Where is "the line"?
You know, that intangible ephemeral line between states like:
- Cooperation and competition
- Equanimity and prejudice
- Friend and enemy
- Kindness and cruelty
- Transparency and secrecy
- Liberation and domination
- Safety and fear
- Civility and violence
- Order and chaos
- Peace and war
- Love and hate
- Trust and terror
- Hope and despair
- The will to live, a death wish
And it IS a fall. Not just conceptually, in the land of intangible ideas. But physiologically, in the subtle chemical states that underly our emotional states and predispose us to certain actions, and reactions. And also in the real world, as we manifest our ideas into actions, that have consequences and feedbacks, that often come back to bite us. And so, in more ways than one, to go from any state on the left in the above list to a state on the right is a steep and rocky road. We are not really well trained in our schools about the sign posts along the way, nor of the skills necessary to try and prevent stumbling down the slippery slope towards the pit, or how to set up safety nets so we don't slide down too far. And the states along the right of the list ARE like pits, because once you enter them, they are exceedingly hard to escape from in so many ways.
Once you have entered into the world of lies, it is hard to trust. Once you have heard or experienced a significant threat upon you, it is very hard to feel safe. Once you are keyed up for battle, it is very, very hard to unarm. Once you have summoned death, it is very, very, very hard to embrace life.

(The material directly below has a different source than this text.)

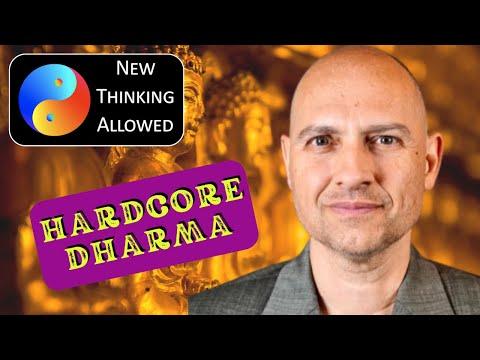 Unlocking the Secrets of Hardcore Dharma with Daniel Ingram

And, once you have entered into the terror and chaos of the battlefield, even when it is supposedly done, you often bring it home and reenact it upon your family....
Victory obtained by violence is tantamount to a defeat, for it is momentary.
- Mahatma Ghandi
- Mahatma Ghandi
And then, it's really not just about you any more.
The very children you fought to protect end up being born into the pit too. How do you get them out? Or, how do they get themselves out, when you are gone, and have taken the memories of how you slipped into the pit to begin with? And, as with most wars, the very land you fought to control becomes a battlefield, an ugly, contaminated, barren wasteland. And the people you've beaten will grow to hate you, want to rise up to seek justice, most likely in the form of revenge, and the cycle of abuse will inevitably continue, as it has and it does, again and again.
If you succumb to the temptation of using violence in the struggle, unborn generations will be the recipients fo a long and desolate night of bitterness, and your chief legacy to the future will be an endless reign of meaningless chaos.
- Martin Luther King Jr.
- Martin Luther King Jr.
Now I'm not saying that there is no good cause to cross the line. But, I'm curious, where is the line for you? The place where you would, willingly, cross to the other side?